Le metteur en scène, Denis Bernard, dit avoir été séduit par l'humanité qui se dégage du texte. «Au-delà du propos et de l'anecdote qui peuvent paraître noirs, se dégage une humanité exceptionnelle que je n'ai pas lue souvent en trente ans de théâtre», déclare-t-il. «L'auteur livre un regard presque fataliste sur la vie et ses hasards, les chemins que l'on parcourt, et très tendu vers l'humain, le tout dans une forme éclatée», ajoute-t-il. Il salue chez McDonagh une maîtrise dans l'art de raconter les histoires, utilisant des propos parfois déjantés, qui empruntent à la comédie et n'hésitent pas à visiter le grotesque.

Pour rendre justice à l'auteur, le metteur en scène s'est fait discret, se tassant du chemin tout en étant présent. Dans ce huis clos de deux heures sans entracte, le défi consiste à happer le spectateur dès le début de l'histoire et à ne plus le lâcher.
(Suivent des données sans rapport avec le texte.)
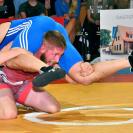 Timo Hoepstein mit einem Beinangriff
Pour réussir ce tour de force, Denis Bernard a opté pour une direction très rigoureuse des cinq acteurs qui se donnent la réplique. «C'est un credo pour moi. C'est ce qui fait la différence entre la livraison d'un texte et son incarnation spectaculaire sur scène. J'ai une idée très claire de ce que je veux faire, même si je reste ouvert aux suggestions des comédiens», indique-t-il.

Formé au conservatoire d'art dramatique de Québec, Denis Bernard enchaîne les projets à la télévision, au cinéma et au théâtre. On l'a vu au petit écran dans entre autres L’Auberge du chien noir et Les hauts et les bas de Sophie Paquin. Au Cinéma, il a remporté le Prix Génie du meilleur acteur de soutien en 2006 pour son rôle dans L’Audition de Luc Picard. Au théâtre, il a signé plusieurs mises en scène remarquées dont Coma Unplugged de Pierre-Michel Tremblay à l’hiver 2007, qui a remporté plusieurs Masques.

L'année 2009 s'annonce riche en projets pour Denis Bernard, dont plusieurs créations avec des auteurs ainsi que des projets à la télévision. Même s'il utilise plusieurs canaux, le comédien reste avant tout un homme de théâtre. «Quand je mets les pieds dans une salle de répétition, j'ai l'impression de rentrer chez nous», déclare-t-il.

Le théâtre québécois traverse une période d'effervescence, constate-t-il. «On est moins supporté mais plus créatif que jamais. C'est sans doute notre façon de réagir», estime-t-il. «On voit émerger beaucoup de jeunes créateurs, et La Licorne est un moteur extraordinaire pour leur permettre de s'exprimer.» texte régulier italique

Propos recueillis par Carole le Hirez

Pour manger: L'Express (3927 Saint-Denis), un des premiers restos que j'ai découverts quand je suis arrivé à Montréal en 87 et où j'aime manger seul au comptoir. La Bodega (236 St-Zotique Est) pour ses bouchées italiennes et ses pizzas aux truffes et aux cèpes.

Pour flâner: L'avenue du Mont-Royal, car cela change tout le temps. Il y a toujours un nouveau commerce ou café à découvrir.

Pour sortir: Le Quartier général (913 Beaubien Est), un bar sympathique où on peut aller voir le hockey ou prendre un verre après un spectacle.

Pour lire : Dans les cafés ! Mes dernières lectures: L'homme invisible de Jean Barbe, Sur la route de Cormac McCarthy, Je suis un écrivain japonais de Dany Laferrière, Le Bestiaire de Serge Bouchard. À découvrir: Le parc linéaire des rapides de Lachine. Je passe par là tous les jours ou presque. À fuir: L'échangeur Turcot et toute la symbolique qu'il représente.